### Directions
Output every entry below exactly, without its pictures.

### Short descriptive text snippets
══════════

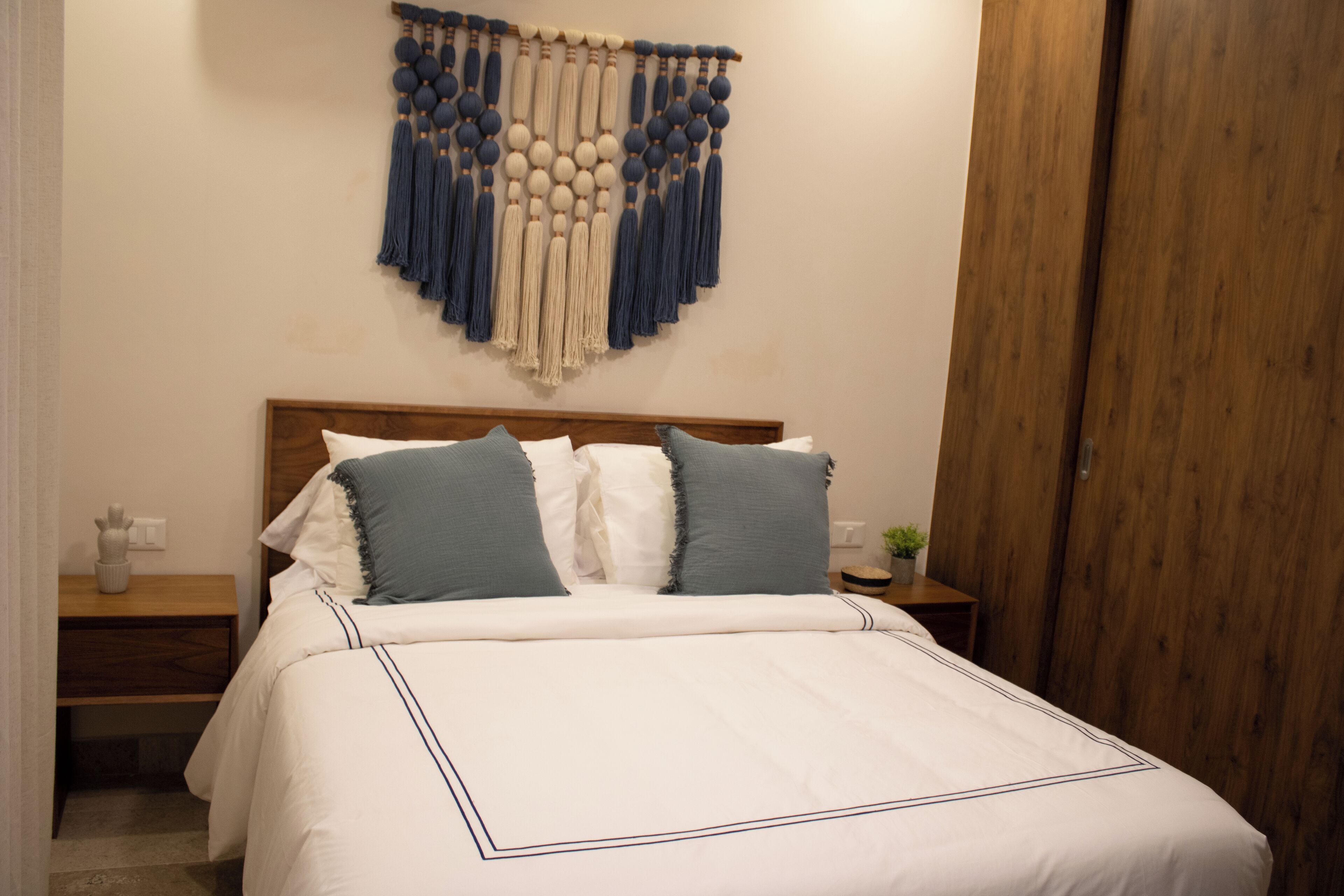 Caja fuerte y wifi gratis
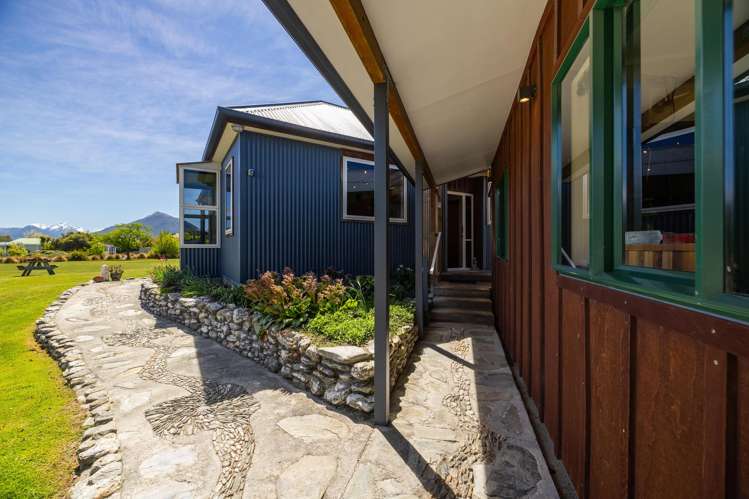 12 Invincible Drive Glenorchy_24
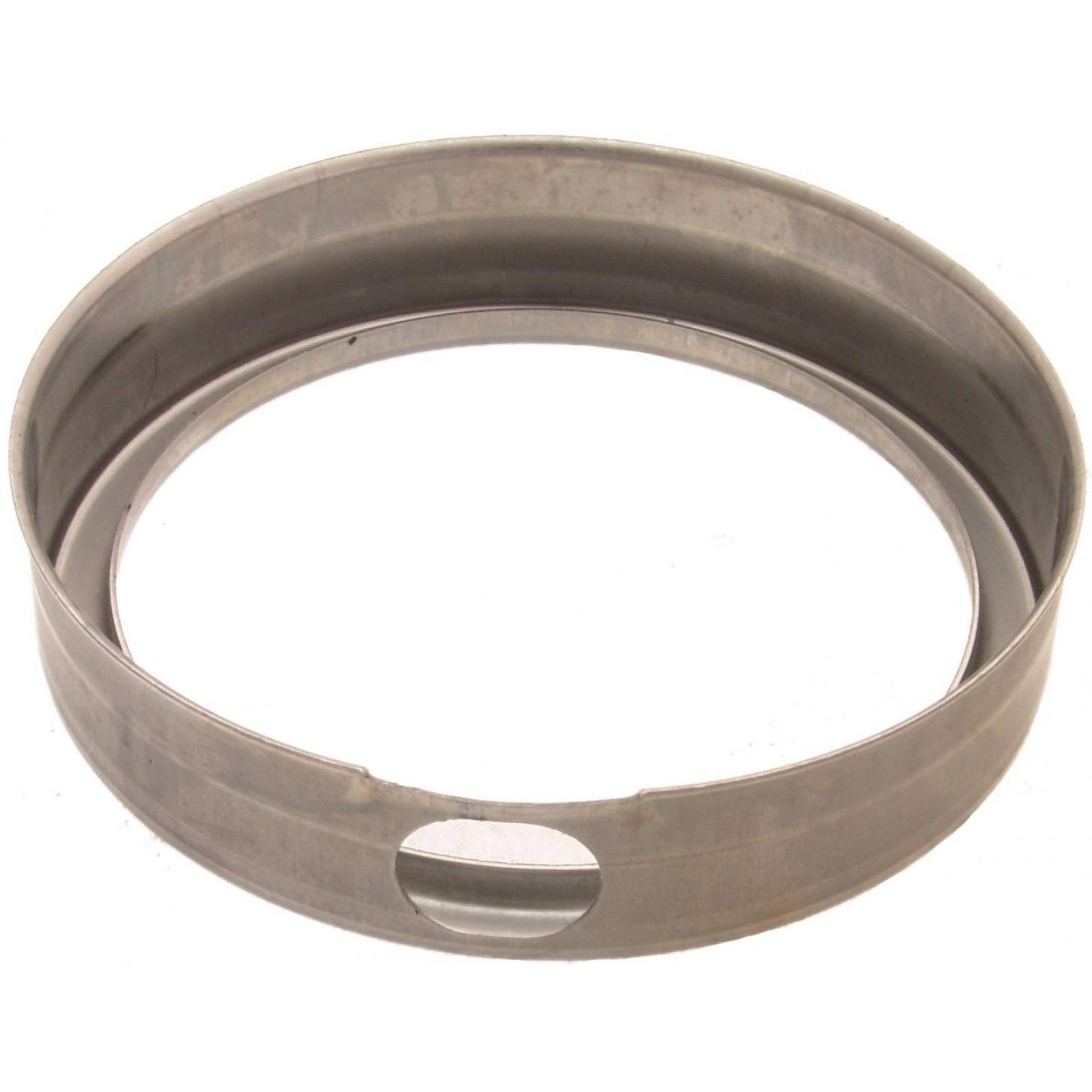 Rear wheel bearing dust deflector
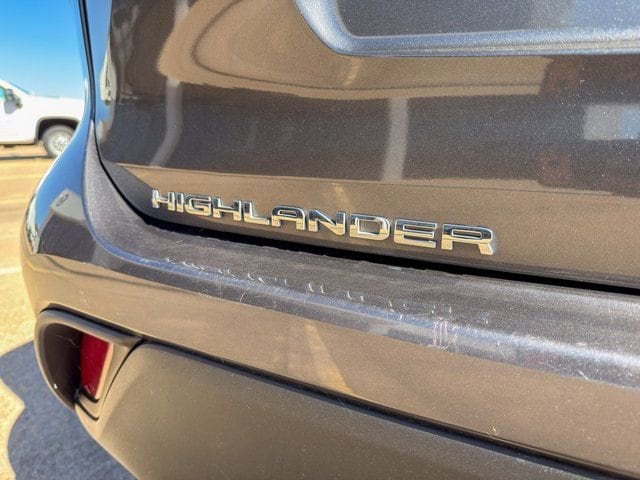2023 Toyota Highlander LE - Photo 11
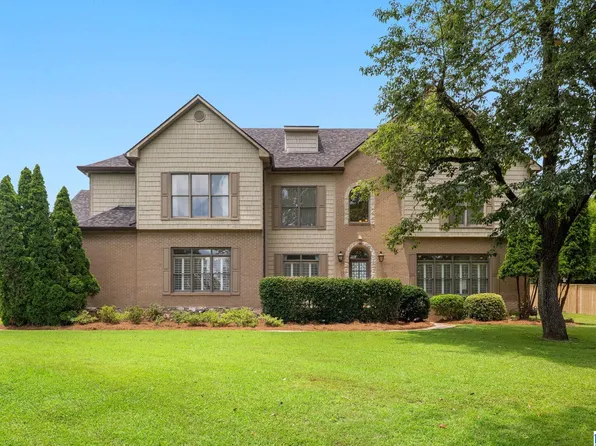 232 Beaumont Dr, Vestavia Hills, AL 35216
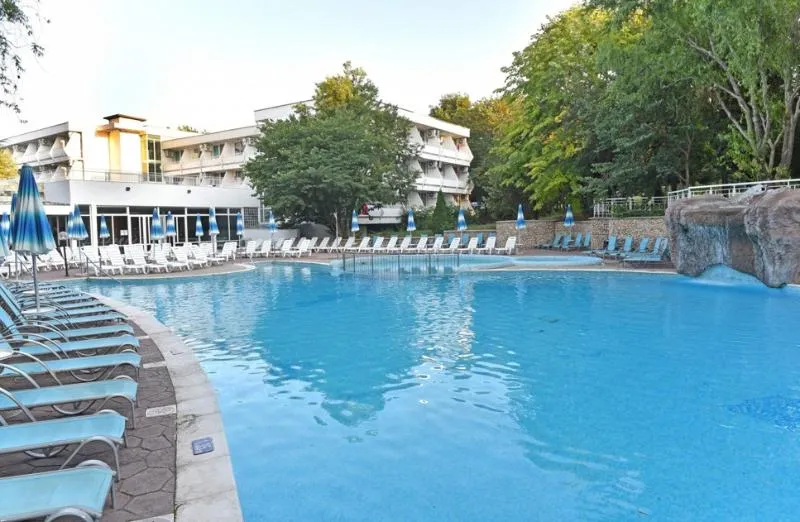 Pool, Althea, Varna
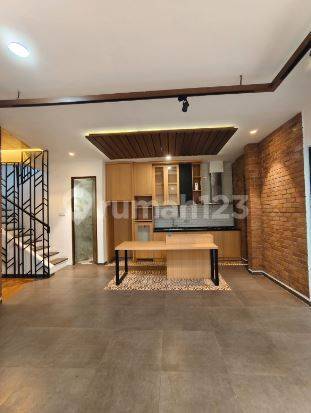 Rumah 2 Lantai Luas Tanah 105 di Discovery Fiore, Sektor 9 Bintaro 1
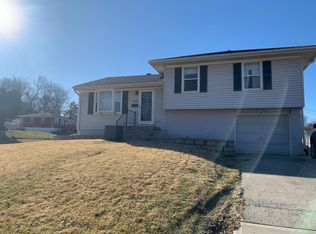 4900 N Wallace Dr, Kansas City, MO 64119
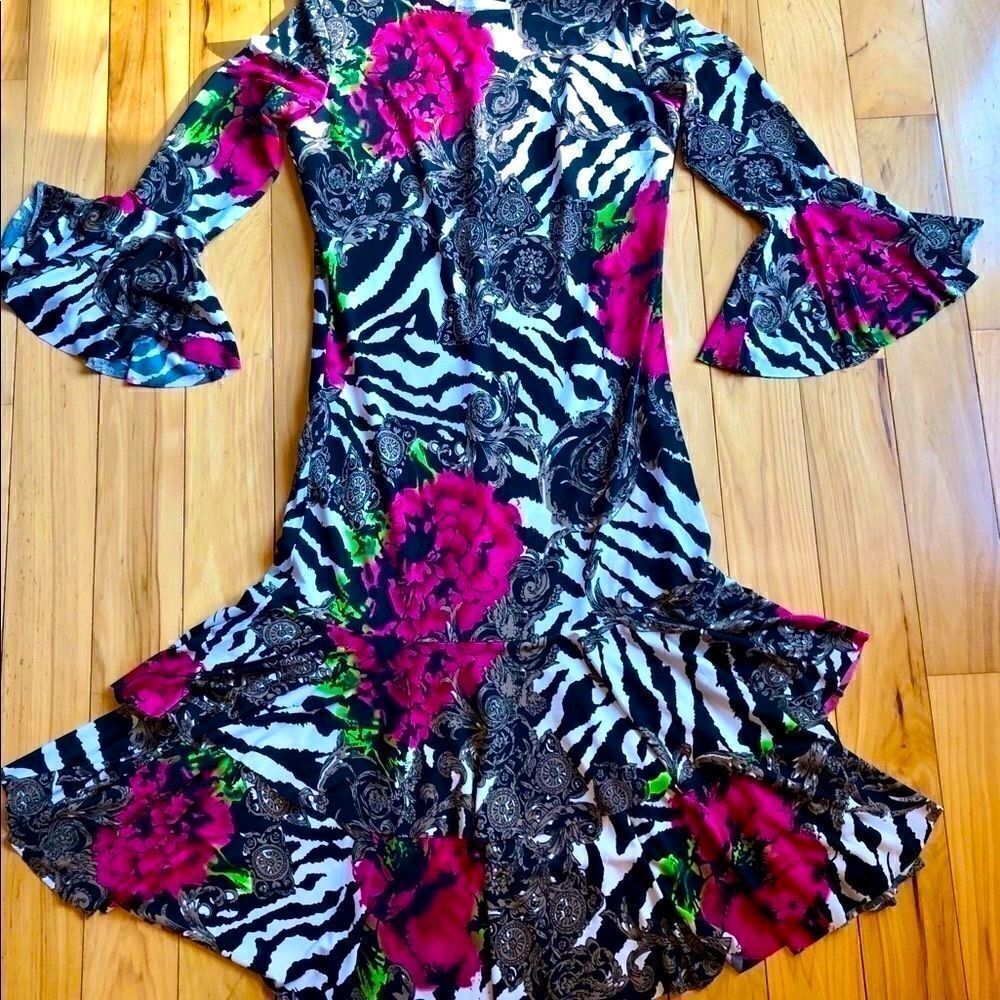 NEW RAVISH LUMINOUS FLORAL BELL SLEEVE SHEATH 6 BLACK & PINK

══════════

### Expected answer
 Caja fuerte y wifi gratis
 12 Invincible Drive Glenorchy_24
 Rear wheel bearing dust deflector
2023 Toyota Highlander LE - Photo 11
 232 Beaumont Dr, Vestavia Hills, AL 35216
 Pool, Althea, Varna
 Rumah 2 Lantai Luas Tanah 105 di Discovery Fiore, Sektor 9 Bintaro 1
 4900 N Wallace Dr, Kansas City, MO 64119
 NEW RAVISH LUMINOUS FLORAL BELL SLEEVE SHEATH 6 BLACK & PINK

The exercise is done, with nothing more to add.